Is metaprogramming useful?

Steve Horne stephenwantshornenospam100 at aol.com
Wed Nov 29 16:21:38 PST 2006


On Wed, 29 Nov 2006 16:30:28 -0500, Brad Anderson <brad at dsource.org>
wrote:

>Sorry, gotta kick the horse one more time.
>
>http://plaza.ufl.edu/lavigne/infix.lisp

Well...

Of course that macro is actually using quoted expressions and a
'compiler' in its implementation - using a macro to hide the
'compiler' is cheating a bit, really. And it's neither trivial nor,
AFAICS, a standard library - just one persons how-to-do-it example.

I confess it's certainly shorter than I expected, but that's partly
because it is just a precedence parser - it only handles precedence
and associativity. But then that's probably no bad thing - concepts
should be kept separate rather than being bundled, which is probably a
major failing in how I was looking at this (the idea of a huge
extensible dialect library, rather than a small concept library).

And given the point Georg made about Common Lisp vs. Scheme, which
certainly suggests that some of my resistance is misplaced...

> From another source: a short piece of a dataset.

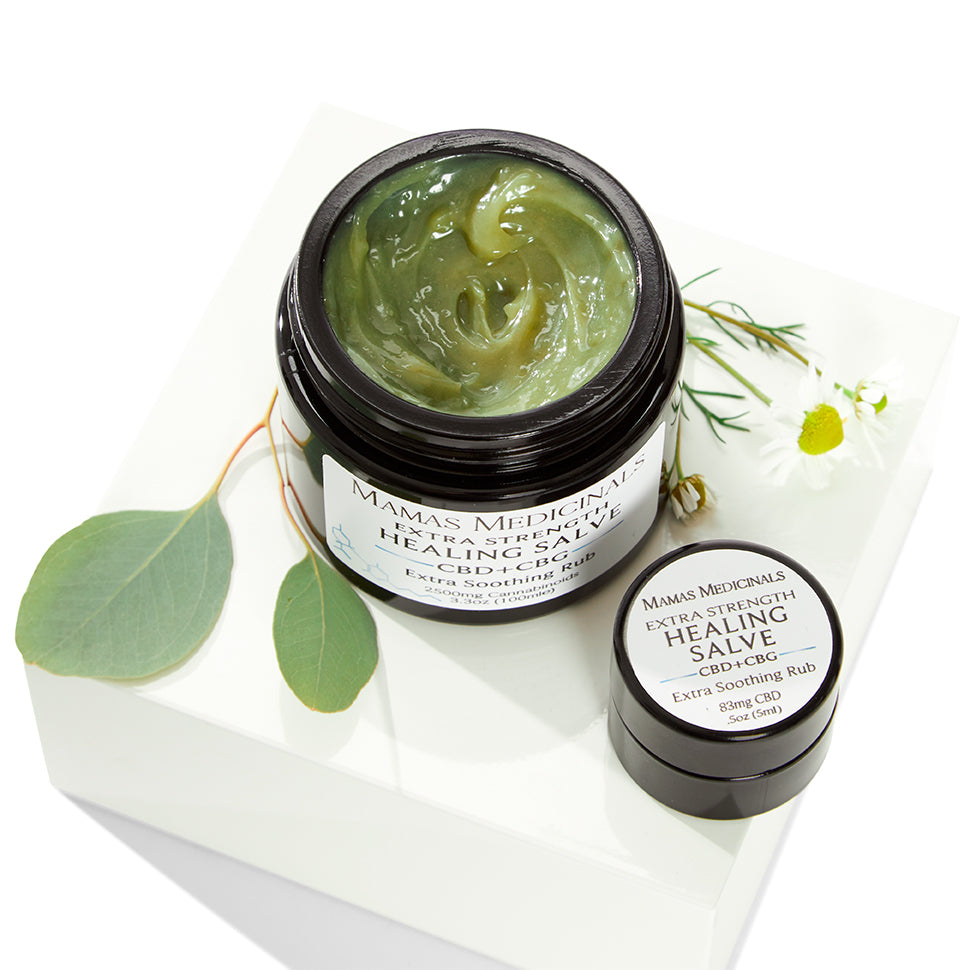 Extra Strength Salve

I don't think you've quite proven me wrong (yet), but clearly my
position is a lot weaker than I thought and probably unsustainable.
And since my only remaining defence is actually a point you appear to
agree with (your link isn't a standard, which relates back to the
coherence thing you mentioned) I have no choice but to withdraw what I
said.


The worrying thing is that I think I'm still on probation from a
certain Lisp-related-ignorance incident on comp.lang.python a few
years back - please don't tell on me!

-- 
Remove 'wants' and 'nospam' from e-mail.